И притупилась боль в душе, а ощущение страшной безысходности сменялось нарастающим безразличием.
Он хотел встать на колени, прикоснуться губами к смуглой сухой ладошке, рассказать Лене, как любит ее, жить не может без нее, как виноват перед нею за свои страхи и сомнения и за вчерашнюю кошмарную сцену, которую устроила его злобная жена… бывшая жена. А увидел перед собой всклокоченного, помятого, небритого мужика, с которым она, любимая, нежная, одновременно робкая и страстная, красивая… С которым она провела ночь, наверное, такую же бурную, как и с ним.

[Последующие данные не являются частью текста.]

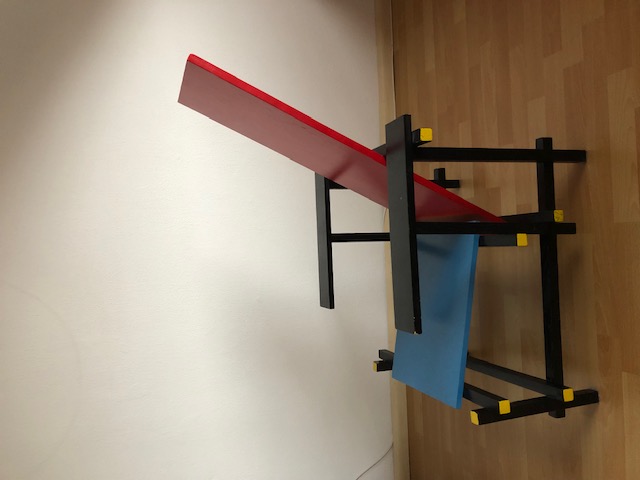 Rietveld Chair Red Blue Replica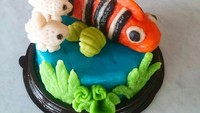 Kalau yang ini, bentuknya mirip seperti kue ulang tahun. Tapi siapa sangka kalau ini adalah pempek yang dibentuk mirip ikan nemo dan ikan-ikan kecil. Sayang ya untuk dipotong. Foto: Raja Adil Siregar/detikcom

Имеет право… Не получилось с одним, получится с другим, костюм на мужике дорогой — вот и нашлась ему замена.
Она ничем не обязана ему. Вполне могла бы сказать: ты пришел ко мне злой, наговорил гадостей, что встречаюсь с тобой из-за денег, вот и сиди со своими деньгами, а я найду того, кто не станет меня попрекать.
Не она, он сам себе сказал за нее. И сам же спрашивал: «А зачем тогда приходила вчера?» И сам отвечал: «Я не хотела поступать так, надеялась, ты понял свою ошибку. Но ты ничего не понял и теперь пеняй на себя».
Пеняй, не пеняй…
При чем тут деньги, почему они вообще присутствуют в разговоре о любви?! Ему нужно было убедиться, что она любит его, человека по имени Максим Данилов, а не его деньги, и тогда он отдал бы ей все, что имеет!
Вот и убедился.
А третью рюмку пить не хотелось. Он специально не охладил водку, не купил подходящую закуску — такой идиот и неудачник пусть пьет теплую водку и закусывает черствым хлебом с позавчерашней колбасой! Лучшего он не заслужил!!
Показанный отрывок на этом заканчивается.